IAN LADYMAN: The Premier League must be cut to 18 clubs, the bottom end is rotten… plus, Manchester United have not had a single offer for Paul Pogba – and I hope I’ve got it wrong again over Philippe Coutinho

England’s top clubs don’t care much for the domestic cups. We know that from the teams they field and the things they say.

But it’s not smaller cup competitions English football needs but a smaller Premier League.

The top tier of English football is supposed to be elite. That’s the sell. But it’s misleading.

Bottom-of-the-table Norwich have collected just 10 points from 19 Premier League games

The quality at the top is terrific but at the bottom end the Premier League is rotten. The football is rubbish and has been for a decade. Standards near the foot of the table don’t justify a 20-team league. The only motivating factor for the status quo is money.

Since the 2011-12 season, the average number of points the team relegated in 20th position has amassed is a miserable 24. Only once during that time has a club mustered more than 30. That was West Brom with 31 four seasons ago.

Last year Sheffield United went down with 23. The year before Norwich won only 21. Prior to that Huddersfield earned only 16. This season? Well, Norwich the floor is yours once again.

So the pattern is clear and the argument for a Premier League of, say, 18 clubs begins to harden.

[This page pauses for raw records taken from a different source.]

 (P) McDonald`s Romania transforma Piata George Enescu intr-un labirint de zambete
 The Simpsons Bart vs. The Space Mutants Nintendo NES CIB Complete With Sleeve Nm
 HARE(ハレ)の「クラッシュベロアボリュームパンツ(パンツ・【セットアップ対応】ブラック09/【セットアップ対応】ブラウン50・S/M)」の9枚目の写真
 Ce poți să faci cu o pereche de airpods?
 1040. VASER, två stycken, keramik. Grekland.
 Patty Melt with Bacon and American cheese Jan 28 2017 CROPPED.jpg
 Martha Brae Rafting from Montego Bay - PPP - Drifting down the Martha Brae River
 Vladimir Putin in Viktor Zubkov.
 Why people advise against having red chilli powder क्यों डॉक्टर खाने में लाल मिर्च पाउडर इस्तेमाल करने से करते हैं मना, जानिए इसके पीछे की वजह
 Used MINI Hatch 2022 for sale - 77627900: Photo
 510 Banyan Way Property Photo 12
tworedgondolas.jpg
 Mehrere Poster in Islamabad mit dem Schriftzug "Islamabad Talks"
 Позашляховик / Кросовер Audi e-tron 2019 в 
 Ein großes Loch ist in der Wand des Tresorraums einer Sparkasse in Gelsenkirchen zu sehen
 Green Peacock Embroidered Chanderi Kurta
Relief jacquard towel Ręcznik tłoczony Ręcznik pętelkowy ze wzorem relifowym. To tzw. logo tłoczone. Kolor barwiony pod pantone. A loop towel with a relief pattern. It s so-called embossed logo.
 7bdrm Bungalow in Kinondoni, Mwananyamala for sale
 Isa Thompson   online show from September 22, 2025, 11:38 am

Clubs like Fulham, Norwich and West Brom exist reasonably comfortably as ‘yo-yo’ clubs

There are contributing factors to this malaise. The controversial parachute payment continues to be one. Teams coming up from the Championship know relegation will not kill them. The money they bank gives them a head start coming back up. Hence teams like Fulham, Norwich and West Brom exist reasonably comfortably as what we call ‘yo-yo’ clubs.

Executives at some top clubs do think something may give in time. They envisage an 18-team league. Quite how that would come to pass while any change has to be agreed by 14 of the 20 member clubs is hard to fathom but the concept does at least exist in people’s minds.

In terms of spectators of the Premier League, they are short changed a little and so are the TV companies. Much of what is provided by clubs at the wrong end of the table is turgid and, more damningly, just not remotely competitive enough.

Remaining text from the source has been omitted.